Member of the Provincial Assembly of Balochistan
- In office 13 August 2018 – 12 August 2023
- Constituency: PB-23 (Killa Abdullah-III)

Provincial President of Awami National Party (Balochistan)
- In office 2014–2018

Personal details
- Born: 4 February 1977 (age 49) Chaman, Killa Abdullah District, Balochistan, Pakistan
- Party: ANP (2014)
- Parent: Haji Jillani Khan (father);

= Asghar Khan Achakzai =

Pakistani politician

Asghar Khan Achakzai (born 4 February 1977) is a Pakistani politician who had been a member of the Provincial Assembly of Balochistan from August 2018 to August 2023.

==Personal life==
Achakzai was born on 4 February 1977 in Chaman located in Killa Abdullah District of Balochistan, Pakistan. As of 2018, his residence was located in Murda Karez neighborhood of Chaman.

==Political career==
Achakzai was president of Balochistan wing of Awami National Party from 2014 to 2018. He was elected as a member of Provincial Assembly of Balochistan from the constituency PB-23 (Killa Abdullah-III) on 25 July 2018.

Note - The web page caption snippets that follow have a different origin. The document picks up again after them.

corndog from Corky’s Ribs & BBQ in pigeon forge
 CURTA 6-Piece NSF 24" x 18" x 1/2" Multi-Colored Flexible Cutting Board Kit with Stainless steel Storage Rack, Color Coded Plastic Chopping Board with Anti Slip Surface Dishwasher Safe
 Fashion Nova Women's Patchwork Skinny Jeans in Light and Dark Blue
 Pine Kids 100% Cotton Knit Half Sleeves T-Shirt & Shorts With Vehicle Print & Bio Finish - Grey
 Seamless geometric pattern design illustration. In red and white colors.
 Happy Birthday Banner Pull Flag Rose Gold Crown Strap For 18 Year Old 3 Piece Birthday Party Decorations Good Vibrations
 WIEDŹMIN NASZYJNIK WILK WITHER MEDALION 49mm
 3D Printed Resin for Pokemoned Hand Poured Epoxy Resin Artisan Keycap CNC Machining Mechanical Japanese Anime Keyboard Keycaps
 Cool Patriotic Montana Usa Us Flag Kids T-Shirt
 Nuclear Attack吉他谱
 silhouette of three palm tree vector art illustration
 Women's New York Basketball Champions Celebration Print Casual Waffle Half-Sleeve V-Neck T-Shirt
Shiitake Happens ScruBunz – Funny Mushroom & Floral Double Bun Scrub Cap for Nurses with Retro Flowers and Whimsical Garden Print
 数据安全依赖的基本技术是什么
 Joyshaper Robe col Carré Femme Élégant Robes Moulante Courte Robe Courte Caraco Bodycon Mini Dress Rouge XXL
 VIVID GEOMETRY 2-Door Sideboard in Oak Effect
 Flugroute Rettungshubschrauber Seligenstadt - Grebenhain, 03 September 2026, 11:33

On 20 October 2018, he was made member of a committee which is tasked to discuss the matters related to Saindak Copper Gold Project with federal government so that Balochistan's share of revenue generated from that project can be granted to the province exchequer according to the provisions of 18th Amendment to the Constitution of Pakistan.